The Cognitive Services Speech SDK has no sound on iPhone's Safari, but can play successfully on Mac's Safari. How should this be handled?

Accepted answer

navba-MSFT 19,655 Microsoft Employee

@jessebo Welcome to Microsoft Q&A Forum, Thank you for posting your query here!

Plan 1:

Can you test with speakSsmlAsync instaed of speakTextAsync and check if that helps? I am sharing the sample code below:

const synthesizeSpeech = () => {
    if (synthesizer) {
        synthesizer.synthesizing = (s, e) => {
            console.log(e.result.privReason)
        };
        let ssml = `<speak version='1.0' xmlns='http://www.w3.org/2001/10/synthesis' xml:lang='en-US'><voice name='zh-CN-XiaochenNeural'>${text}</voice></speak>`;
        synthesizer.speakSsmlAsync(
            ssml,
            result => {
                console.log(result)
                if (result.reason === SpeechSDK.ResultReason.SynthesizingAudioCompleted)           
                {
                    console.log('Synthesis completed.');
                 
                } else {
                    console.error('Speech synthesis canceled, ' + result.errorDetails);
                }
                synthesizer.close();
            },
            error => {
                console.error('Error synthesizing speech: ', error);
                synthesizer.close();
            }
        );
    }
};

More info here.

Plan 2:

You can try using this code sample, and check if that gives the audio output on iOS Safari browser.

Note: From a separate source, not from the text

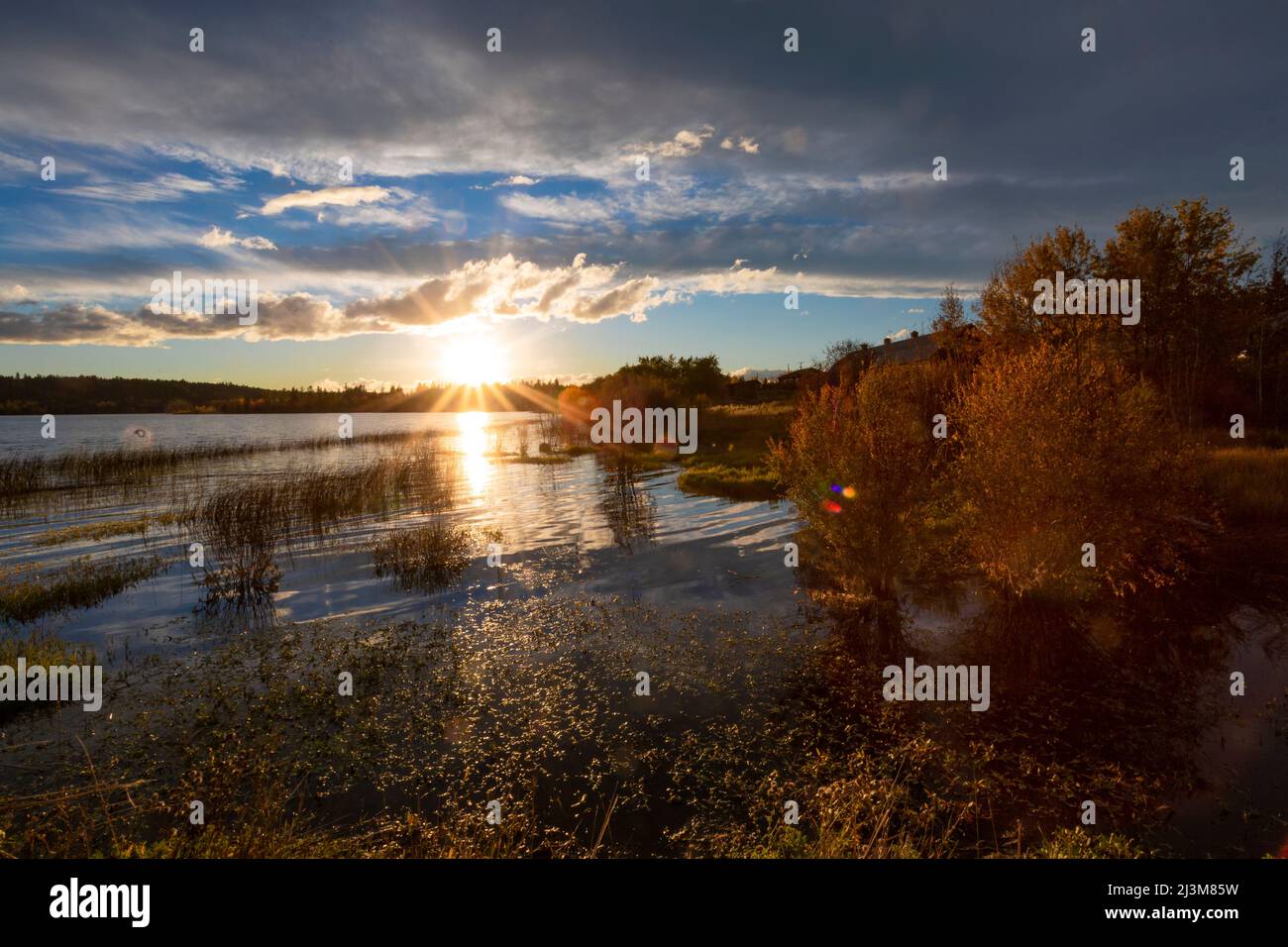 Sunburst of the setting sun over a lake in autumn; 108 Mile House, British Columbia, Canada Stock Photo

Hope this helps. If you have any follow-up questions, please let me know. I would be happy to help.

jessebo 20 Reputation points

2024-06-22T23:58:35.0466667+00:00

Thank you very much for your response. Plan1 is available, and you have helped me a lot. I appreciate it. I'm sorry for replying only today; I forgot about this account before, which is really embarrassing.
jessebo 20 Reputation points

2024-06-22T23:58:47.97+00:00

repeat comment
jessebo 20 Reputation points

2024-06-23T02:51:41.76+00:00
I found that the speakTextAsync function in code sample 2 works correctly on my iPhone. However, when I copied the same code to my React project, there was no voice output. It seems like the callback

let player = new window.SpeechSDK.SpeakerAudioDestination(); player.onAudioStart(...)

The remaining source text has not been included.